REVIEW: AMENDMENT BY THE RULES BOARD FOR COURTS OF LAW UNDER SECTION 6
SOURCE: PUBLISHED IN THE GOVERNMENT GAZETTE ON 7 FEBRUARY 2020
The single biggest problem in communication is the illusion that it has taken place. This has been a discovery in many trial matters run throughout South Africa, whereby it seems some matters heard before the court in civil proceedings could have easily been resolved at an earlier stage and should never have reached trial stage.
The stereotype is bad enough, some attorneys just wish to rack up fees in litigation matters and merely don’t care, and simply intend to draw out the matter for as long as possible.
The good news is even if this was the premise, there is now an amendment to the rules of conduct of proceedings in the High Court in many divisions of South Africa. Simply put the law will compel South Africans to declare that they have considered mediation as a solution to any forthcoming legal matter before commencing litigation steps and starting a lawsuit.
What is mediation?
As defined by the rules; means a voluntary process entered into by agreement between the parties to a dispute, in which an impartial and independent person, the mediator, assists the parties to either resolve the dispute between them, or identify issues upon which agreement can be reached, or explore areas of compromise, or generate options to resolve the dispute, or clarify priorities, by facilitating discussions between the parties and assisting them in their negotiations to resolve the dispute.
How does it work in practice?
Essentially in every new action or application proceeding, the plaintiff or applicant shall,serve on each defendant or respondent a notice indicating whether such plaintiff or applicant to or opposes referral of the dispute to mediation.
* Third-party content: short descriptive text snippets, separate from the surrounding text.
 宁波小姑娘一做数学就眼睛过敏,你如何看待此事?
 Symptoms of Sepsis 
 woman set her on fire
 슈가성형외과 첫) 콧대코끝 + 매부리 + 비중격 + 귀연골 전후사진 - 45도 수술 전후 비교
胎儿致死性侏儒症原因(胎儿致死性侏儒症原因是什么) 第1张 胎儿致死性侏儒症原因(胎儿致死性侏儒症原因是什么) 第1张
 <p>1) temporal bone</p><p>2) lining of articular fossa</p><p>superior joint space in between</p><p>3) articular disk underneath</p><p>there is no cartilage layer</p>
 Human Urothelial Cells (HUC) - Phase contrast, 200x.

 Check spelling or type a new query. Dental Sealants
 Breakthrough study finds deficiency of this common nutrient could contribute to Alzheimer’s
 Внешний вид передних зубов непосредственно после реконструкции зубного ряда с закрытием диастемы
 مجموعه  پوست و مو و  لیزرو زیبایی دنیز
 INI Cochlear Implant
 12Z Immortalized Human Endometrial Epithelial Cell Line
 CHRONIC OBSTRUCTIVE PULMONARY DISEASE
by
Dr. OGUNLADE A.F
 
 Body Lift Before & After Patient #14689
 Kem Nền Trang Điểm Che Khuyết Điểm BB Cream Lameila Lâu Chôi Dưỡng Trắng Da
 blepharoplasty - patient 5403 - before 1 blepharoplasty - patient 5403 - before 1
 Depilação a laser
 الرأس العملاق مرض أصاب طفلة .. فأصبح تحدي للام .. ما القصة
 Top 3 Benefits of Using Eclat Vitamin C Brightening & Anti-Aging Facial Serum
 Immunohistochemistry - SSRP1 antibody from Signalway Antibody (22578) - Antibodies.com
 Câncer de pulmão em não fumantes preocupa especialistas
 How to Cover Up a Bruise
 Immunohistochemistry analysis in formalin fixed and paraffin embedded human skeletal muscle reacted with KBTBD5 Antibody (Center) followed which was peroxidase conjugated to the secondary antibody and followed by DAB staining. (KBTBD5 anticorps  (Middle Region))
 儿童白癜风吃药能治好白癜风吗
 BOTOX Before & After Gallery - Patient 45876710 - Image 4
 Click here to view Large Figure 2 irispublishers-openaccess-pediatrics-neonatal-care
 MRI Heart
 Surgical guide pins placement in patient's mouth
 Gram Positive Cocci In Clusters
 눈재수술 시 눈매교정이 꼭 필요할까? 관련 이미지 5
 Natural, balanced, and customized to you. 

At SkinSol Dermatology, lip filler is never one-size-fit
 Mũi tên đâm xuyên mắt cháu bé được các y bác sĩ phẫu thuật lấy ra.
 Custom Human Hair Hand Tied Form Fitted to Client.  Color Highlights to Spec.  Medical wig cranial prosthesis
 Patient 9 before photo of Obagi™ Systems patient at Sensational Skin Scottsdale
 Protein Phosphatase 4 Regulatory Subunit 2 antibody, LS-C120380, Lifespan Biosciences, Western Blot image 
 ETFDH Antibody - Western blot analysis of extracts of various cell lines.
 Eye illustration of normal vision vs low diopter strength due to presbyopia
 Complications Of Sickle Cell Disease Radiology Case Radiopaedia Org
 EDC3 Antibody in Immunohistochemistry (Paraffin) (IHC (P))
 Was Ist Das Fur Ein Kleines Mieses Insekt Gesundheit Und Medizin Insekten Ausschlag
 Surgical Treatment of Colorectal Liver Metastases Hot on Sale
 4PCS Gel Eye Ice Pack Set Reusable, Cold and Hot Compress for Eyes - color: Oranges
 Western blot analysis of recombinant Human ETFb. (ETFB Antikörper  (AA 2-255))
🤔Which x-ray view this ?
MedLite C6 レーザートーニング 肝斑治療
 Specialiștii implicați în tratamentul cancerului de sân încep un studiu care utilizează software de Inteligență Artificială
The defendant or respondent will a notify the litigant whether as the defendant or respondent they agree to or opposes referral of the dispute to mediation.
The new rule requires the practising attorney to declare that they have advised their client to consider mediation as a means of attempting to resolve the dispute which is the subject of the proposed proceedings.
Consequences of ignoring the rule.
Attorneys and litigants who ignore this Rule will do so at their peril and may find themselves on the receiving end of a costs order.
The purpose of the new rule will is an effective step towards cutting down on legal processes and costs of legal representation.
The rule came into effect on the 9 March 2020.
We at Mc Naught and Company Incorporated, strive to give our clients the best legal experience and service and gladly welcome the new rule that has the best interest of the client and litigants. The mediation process promotes open communication and whilst not all cases maybe successful at mediation it surely is well favoured in the eyes of the court that every attempt was made to resolve the matter amicably. The new rule restores both integrity of the legal practitioner and the legal system.